On voit par ces quelques exemples à quoi se réduirait l'homme, si l'on en retirait tout ce qu'il tient de la société : il tomberait au rang de l'animal. S'il a pu dépasser le stade auquel les animaux se sont arrêtés, c'est d'abord qu'il n'est pas réduit au seul fruit de ses efforts personnels, mais coopère régulièrement avec ses semblables ; ce qui renforce le rendement de l'activité de chacun. C'est ensuite et surtout que les produits du travail d'une génération ne sont pas perdus pour celle qui suit. De ce qu'un animal a pu apprendre au cours de son existence individuelle, presque rien ne peut lui survivre. Au contraire, les résultats de l'expérience humaine se conservent presque intégralement et jusque dans le détail, grâce aux livres, aux monuments figurés, aux outils, aux instruments de toute sorte qui se transmettent de génération en génération, à la tradition orale, etc. Le sol de la nature se recouvre ainsi d'une riche alluvion qui va sans cesse en croissant. Au lieu de se dissiper toutes les fois qu'une génération s'éteint et est remplacée par une autre, la sagesse humaine s'accumule sans terme, et c'est cette accumulation indéfinie qui élève l'homme au-dessus de la bête et au-dessus de lui-même.
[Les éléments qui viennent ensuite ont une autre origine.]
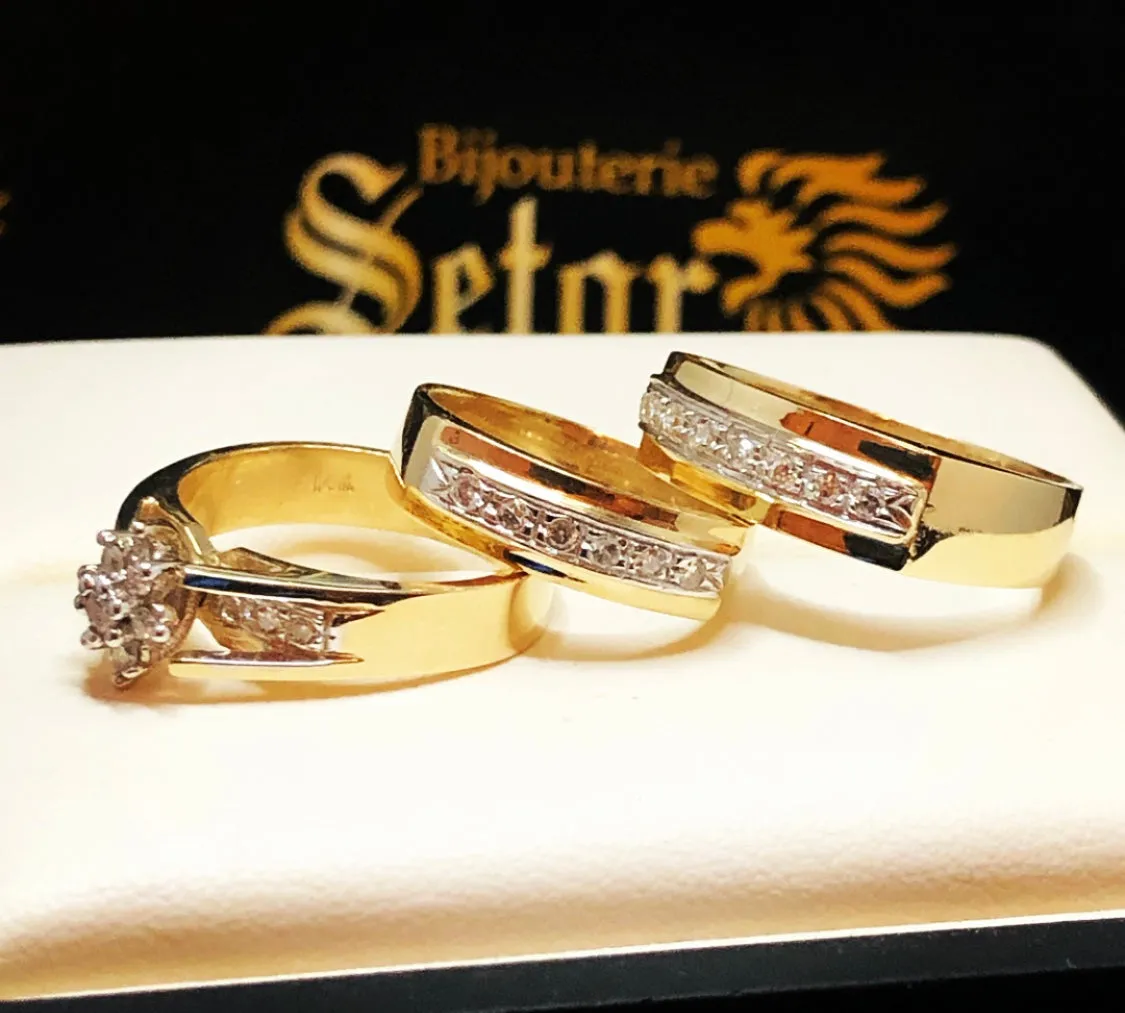 Trio diamond rings DER039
Mais, tout comme la coopération dont il était d'abord question, cette accumulation n'est possible que dans et par la société. Car, pour que le legs de chaque génération puisse être conservé et ajouté aux autres, il faut qu'il y ait une personnalité morale qui dure par-dessus les générations qui passent, qui les relie les unes aux autres : c'est la société. Ainsi, l'antagonisme que l'on a trop souvent admis entre la société et l'individu ne correspond à rien dans les faits. Bien loin que ces deux termes s'opposent et ne puissent se développer qu'en sens inverse l'un de l'autre, ils s'impliquent. L'individu, en voulant la société, se veut lui-même. L'action qu'elle exerce sur lui, par la voie de l'éducation notamment, n'a nullement pour objet et pour effet de le comprimer, de le diminuer, de le dénaturer, mais, au contraire, de le grandir et d'en faire un être vraiment humain. Sans doute il ne peut se grandir ainsi qu'en faisant effort. Mais c'est que précisément le pouvoir de faire volontairement effort est une des caractéristiques les plus essentielles de l'homme.